The best proof you have of an effective backup solution is to demonstrate it by exercising your recovery processes and technologies regularly. Common ways to accomplish that goal are system clones, database copies, cloning, and moving VM’s. These processes are often used to copy production databases to a QA or Sandbox database, so developers have production-level data quality and volumes to test with. If you haven’t had a Backup/Recovery Assessment completed in a while, consider getting a fresh one done using current guidelines and asset inventory since it will have inevitably changed in most cases.
Special Mention on Protecting Against Ransomware
You should also periodically test recovering sets of individual test files to a point in time based on how often you do file-level backups, how many versions you keep, and how long a full retention timeframe represents. Note that your backup policies and thus your recoverability may (and probably should) vary by SLA tier, e.g., production vs. sandboxes. For example, ransomware attacks were reported to be up 148% in 2021 compared to 2020. They often target shared drives like file servers and shared drives on Office365, encrypting your files and making them unusable.
At that point, you hope you have a ransomware protection system in place (ask if you’re interested) and can recover all of the files with minimal loss (is <12-24 hours sufficient?). You might hire a cybersecurity firm to see if they can find a way to resolve it. Or, failing those and dealing with a crippled business for 1-2 weeks on average, pay millions of dollars in ransom to get access restored. Studies show that organizations that pay the ransom are also >50% likely to be hit again. Cybersecurity is a modern-day threat that will only grow. While the tools and solutions to protect against such attacks are improving, nothing beats having a sound and proven backup/recovery solution to give you options, minimize the damage, and resume operations as quickly and efficiently as possible.
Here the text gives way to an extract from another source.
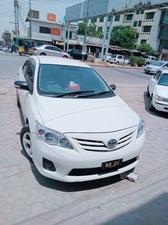 Toyota Corolla 2.0D 2012 for Sale in Mirpur A.K.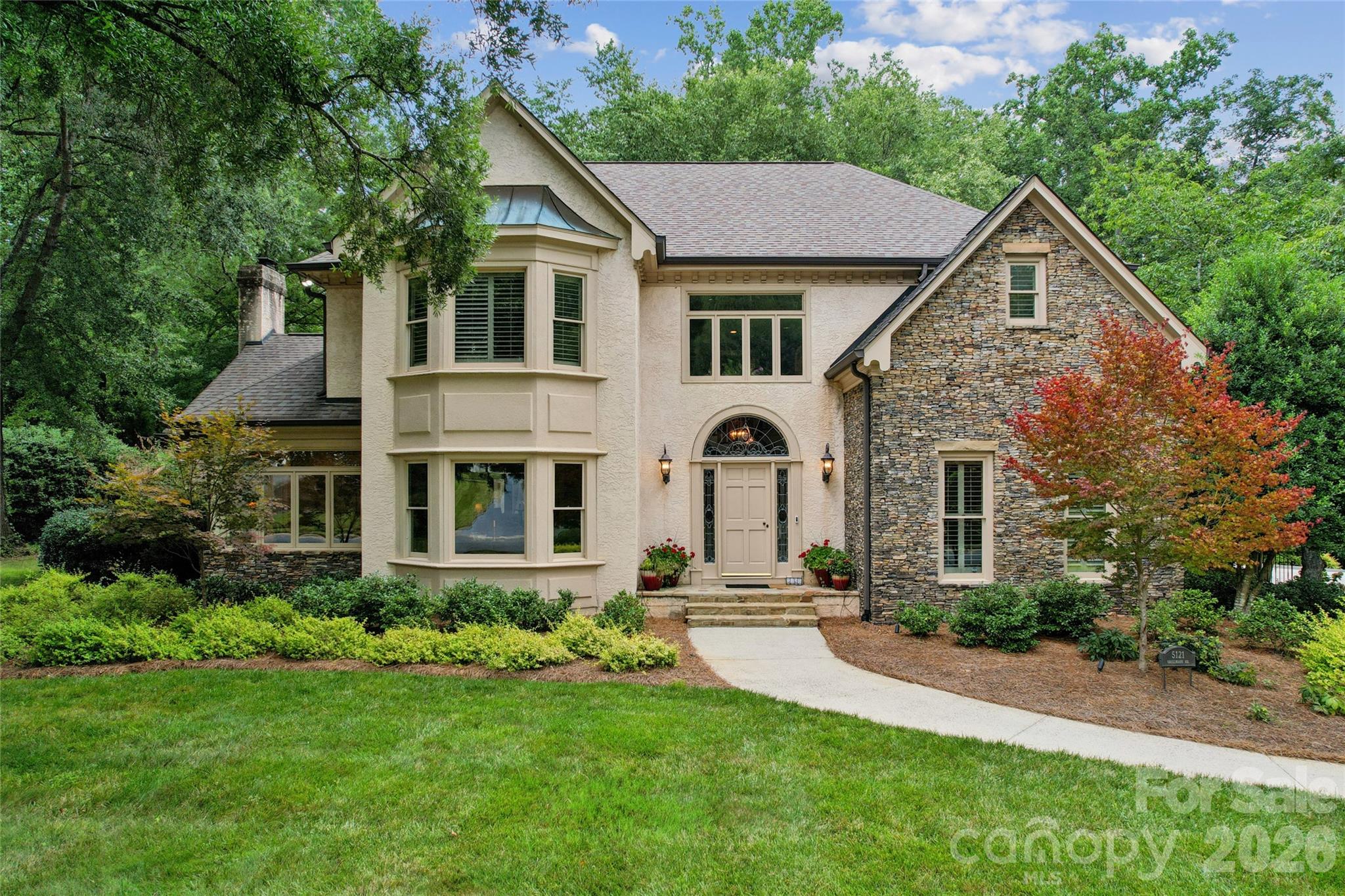 5121 Chillmark Road, Charlotte, NC. property listing photo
Trust But Verify With a Game
Still feeling ambitious and want to take it to the next level? Conduct a “war games” simulation where the lead administrator has been captured (or off on their honeymoon again). The others must prove they can execute a series of tasks to continue supporting the business. Execute the DR test plan and document lessons learned, noting new hosts, passwords, technologies, etc., that might have been introduced (or upgraded or replaced) since the last DR test. In this way, your organization will quickly confirm, layer by layer, process by process, object by object, how well the backup/recovery processes and enabling technologies meet the organization’s DR requirements.
Conclusion
By remaining vigilant through planning, regular testing, and spot-checking your operational processes from a DR mindset when issues occur, your team will be confident, and your backup/recovery capability will continue to be there when a disaster inevitably strikes.